2010年1月11日月曜日

原稿執筆―BSCとISOの融合事例について

私は論文や雑誌の執筆の機会があればなるべく書くようにしています。

現在はバランススコアカードとISOに融合活用について事例を2本書いてもらいたいという執筆依頼を受けています。
締め切りが来月なので、あわただしく内容を組み立てています。

ISOはほとんどの方は知っているでしょうが、バランススコアカード(BSC)は知らない方もいるかとおもいますので簡単に説明します。

BSCというのは、売上高とか経常利益とかいった財務的な指標だけを目標にしないで、そこに至るまでの流れを可視化し、指標を設定してマネジメントしようという考え方です。

ちなみに、財務のほかに、顧客業務プロセス学習と成長 という3つの視点を付け加えることが標準的です。

財務以外の指標を活用すべしというのは実はドラッカーが提唱したことなのです。
ですから、BSCのアイディアはドラッカーに由来すると言われています。少なくともドラッカーはそう考えていたようです。

私はドラッカー経営を標榜していますので、このBSCをドラッカー経営と融合させることをずっと目論んで検討してきましたが、大筋の考えがまとまってきていました。
ですから今回の雑誌のテーマは渡りに船といったところでした。

当社ではBSCの財務、顧客、業務プロセス、学習と成長という4つのプロセスを全く入れ替えてしまったのです。
オリジナルな視点がいけないわけではないのですが、不確実性の増した環境における戦略実行のツールとしては、いまひとつしっくりとこないように思われるのです。
特に新市場や新規事業に対応しにくいと思うのです。

また、ドラッカー経営の枠組みと矛盾するので修正が必要になったわけです。
そこで、視点を修正したわけです。

私が考えた新たな視点とは、戦略的要因、業務プロセス、ヒトと組織能力、財務条件 という4つです。

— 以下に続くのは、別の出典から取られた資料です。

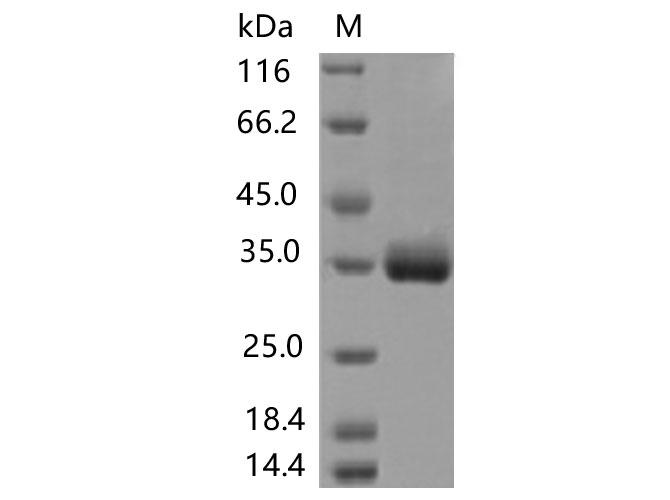 SARS-CoV-2 Spike Glycoprotein Protein - Recombinant SARS-CoV-2 Spike RBD(T393P)(His Tag)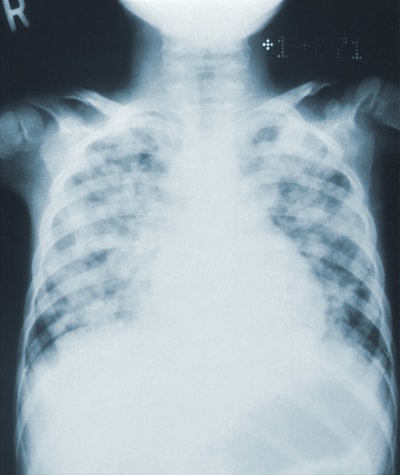 Jerarquía Clínica de Radiología Multiagente para Informes de TC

特に財務の視点が最後に来ているところが独特であると思います。

まず、この順番にした大きな理由はドラッカーの提唱する、「企業の目的は顧客の創造である」という考え方にあります。

ドラッカーのよれば企業の目的(顧客の創造)を実現する唯一の手段はマーケティングイノベーションとされています。
私はそれをまとめて戦略的要因としたわけです。

さらに「利益は目的ではなく条件である」という命題を基にして財務条件という視点を設定し、それを一番下に持ってきました。

この形式はかなり細かい検討を経て生み出されたものですが、かなり使いやすいと思っています。

まず、市場環境が不確実な時代においては売り上げや利益は最終目標にふさわしくありません。特に、その原因をさかのぼって想定することは中途で多くの修正が必要となるように思います。

ですから、あくまで財務は行動する際に心に留めておく「条件」としてとらえるドラッカー的な仮定がいいとおもうのです。

最終的にはどれだけ戦略的に大きな手を打つかが重要なのでそれを戦略的要因としました。

ドラッカー経営のフレームワークに、当社が組み立てた視点によるBSCをISOのマネジメントシステムでコントロールする方法を導入したことは、これまで全く提起されたことがないと思います。

雑誌が店頭に並ぶのは7月になると思いますが、そのころにはもっと洗練されたフレームワークに仕上がっていると思います。

このフレームワークについてはときどき触れていきたいと思います。